# [What to do]
All pictures should be dropped, and only the lines from the top of the entries below through the line containing "6429 | 겨울 골프 라운딩 드림파크 CC 그늘집 간식과 파크 코스 후기" repeated exactly, both ends included.

Segment Start: Supplied information

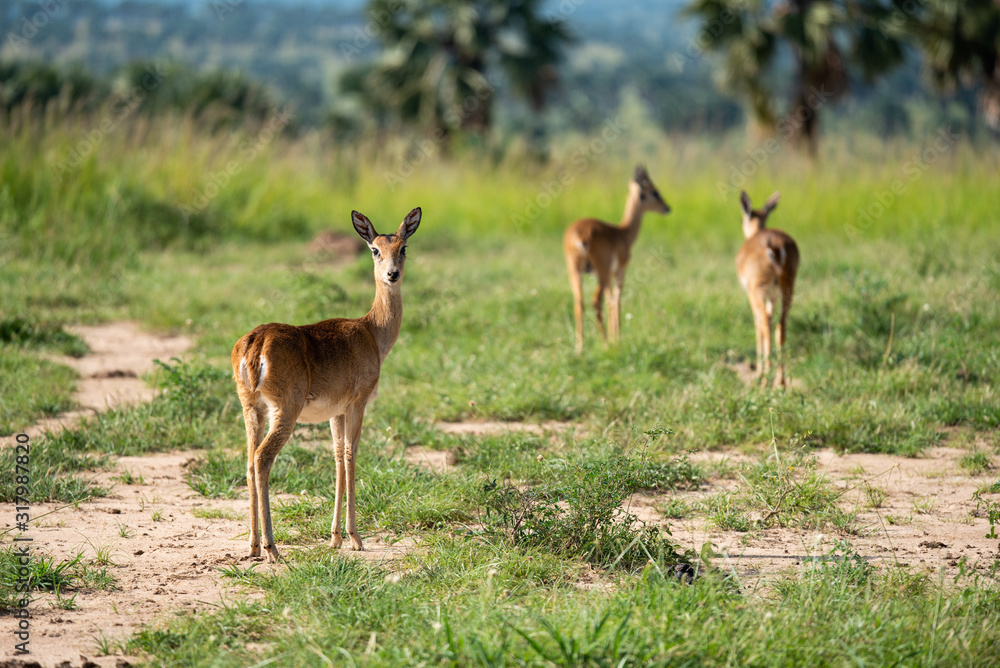 Antelope on grassland in Murchison Falls, Uganda Antelope on grassland in Murchison Falls, Uganda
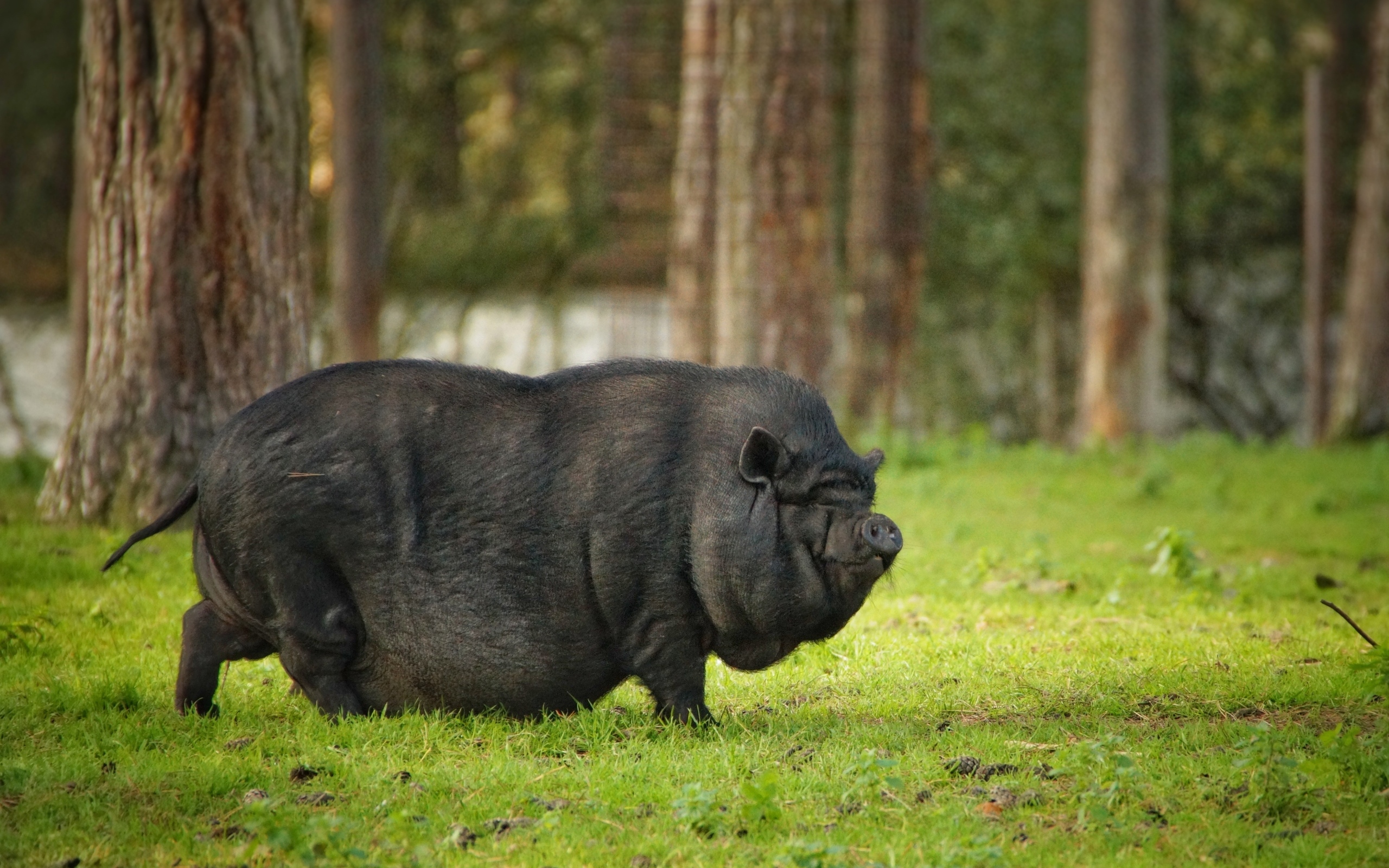 Черная карликовая свинья в парке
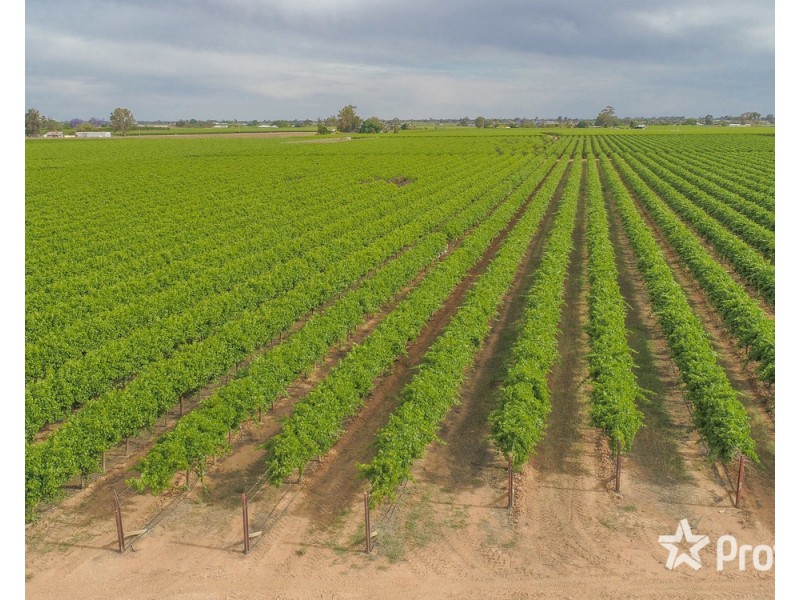 81 Wells Road, Merbein VIC 3505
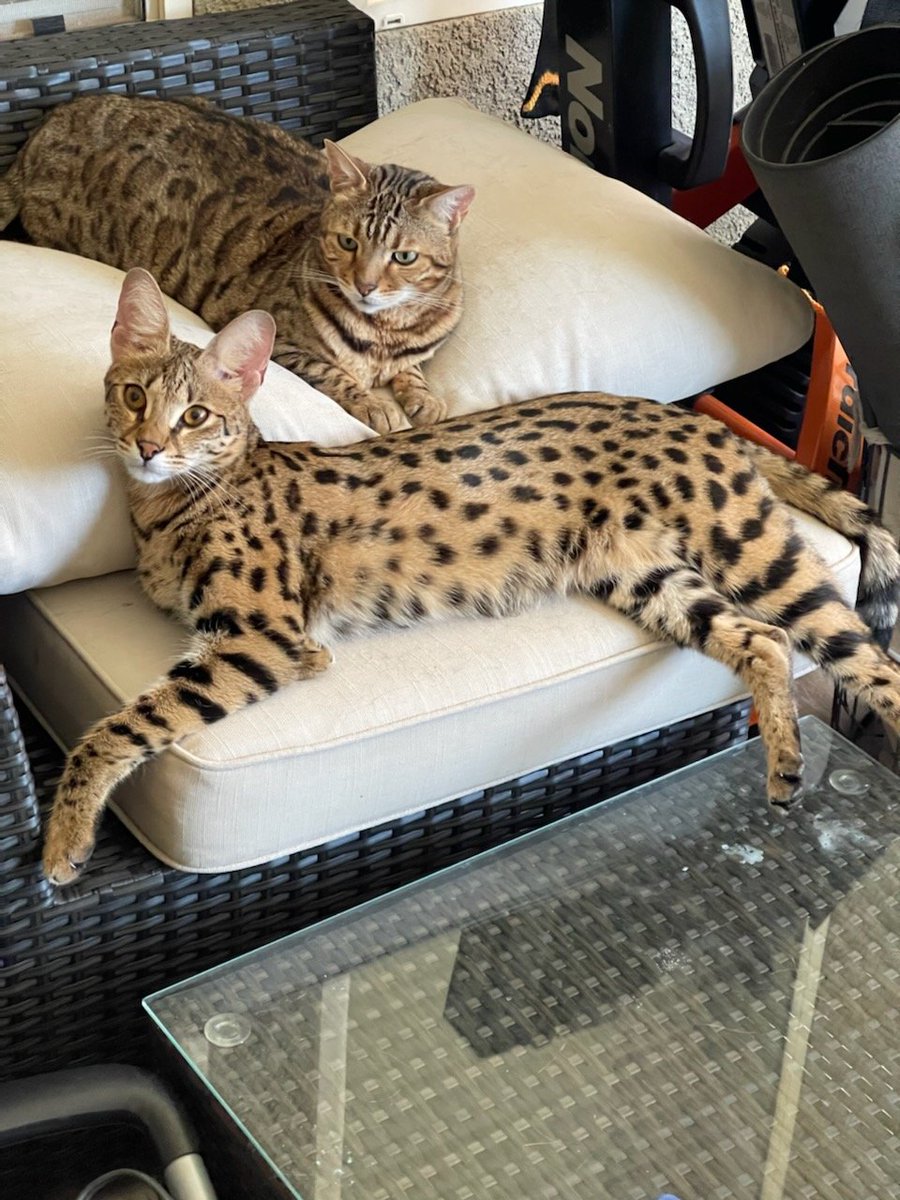 Dreamkatz Exotics Savannahs tweet media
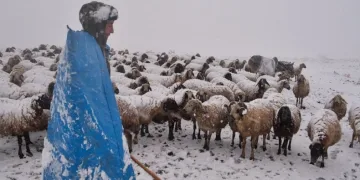 Koyun sürüsü kar, tipiye yakalandı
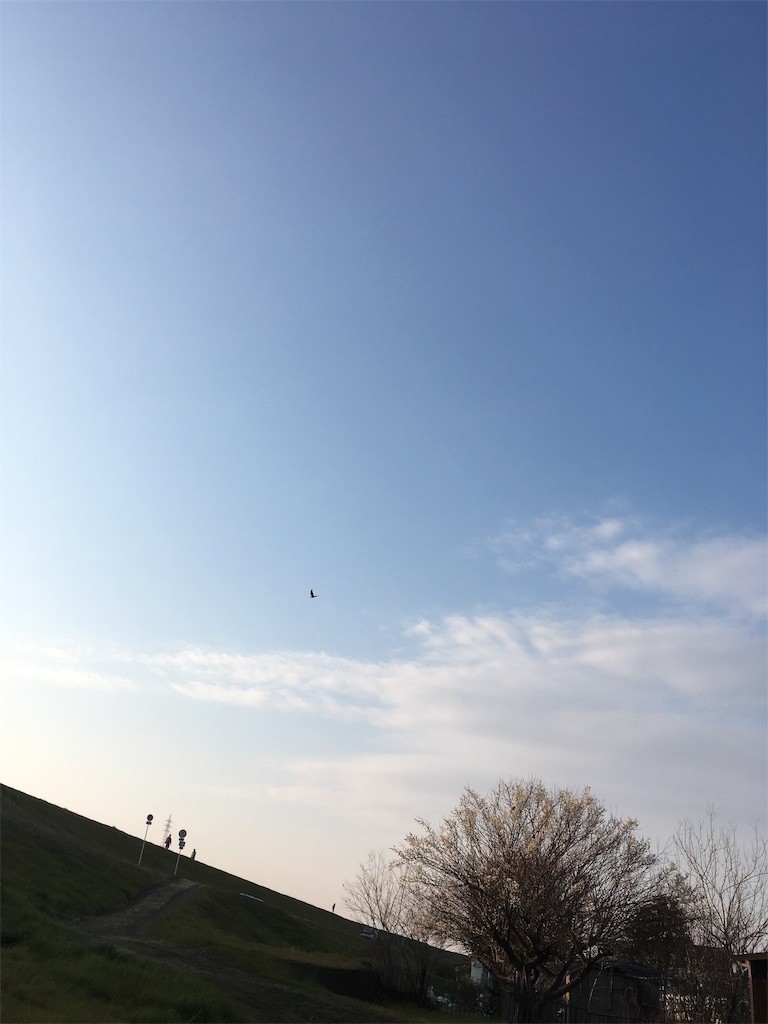 f:id:F-name:20190217114923j:image f:id:F-name:20190217114923j:image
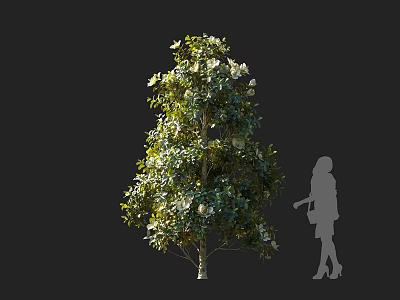 Lush Arbor With Green Leaves And White Flowers Demonstrating Size Through Human Silhouette 3d model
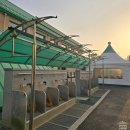 6429 | 겨울 골프 라운딩 드림파크 CC 그늘집 간식과 파크 코스 후기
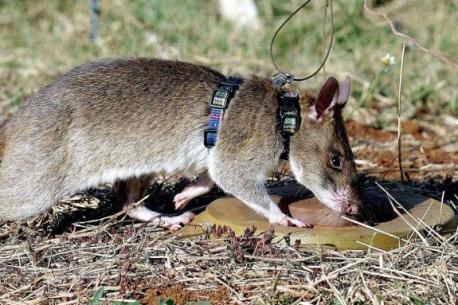 Belgian organization APOPO is training giant African pouched rats to detect two of Africa's cruelest menaces. The first is landmines. When civilians have to risk their lives just to fetch water or farm their land, they're locked into poverty and development is impossible. Wanting to find a local, affordable solution, APOPO founder Bart Weetjens remembered the pet rodents he'd kept as a boy in Belgium. He knew rats were intelligent, sociable, and teachable. They were also in plentiful supply and relatively cheap to train. APOPO's heroic rats are also on the front line against Africa's desperate TB crisis, where clinics are overwhelmed and diagnostic TB tests often inaccurate. Globally, around 1.5 million people die from TB every year, and every untreated patient can infect up to a dozen other people. What African pouched rat training facts are you familiar with?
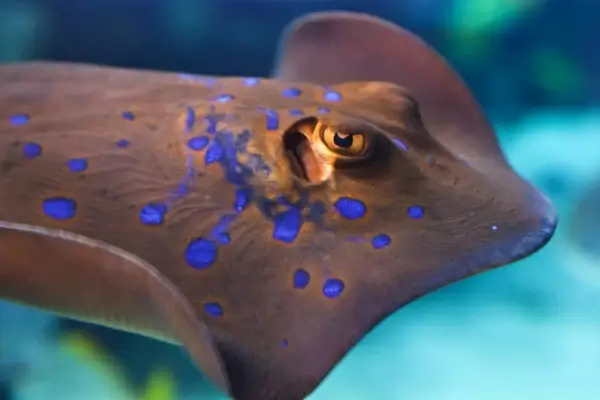 stingray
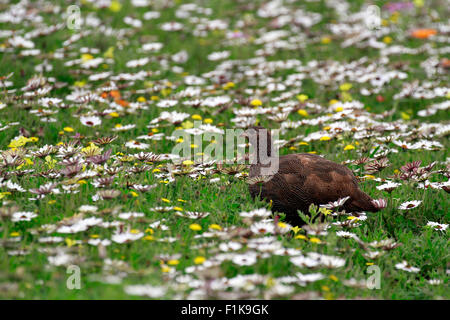 Cape spurfowl among  wild flowers blooming in Spring in the in the Postberg Nature Reserve , Langebaan,South Africa. Stock Photo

Segment End: Supplied information

# [Output for this exercise]
 Antelope on grassland in Murchison Falls, Uganda Antelope on grassland in Murchison Falls, Uganda
 Черная карликовая свинья в парке
 81 Wells Road, Merbein VIC 3505
 Dreamkatz Exotics Savannahs tweet media
 Koyun sürüsü kar, tipiye yakalandı
 f:id:F-name:20190217114923j:image f:id:F-name:20190217114923j:image
 Lush Arbor With Green Leaves And White Flowers Demonstrating Size Through Human Silhouette 3d model
 6429 | 겨울 골프 라운딩 드림파크 CC 그늘집 간식과 파크 코스 후기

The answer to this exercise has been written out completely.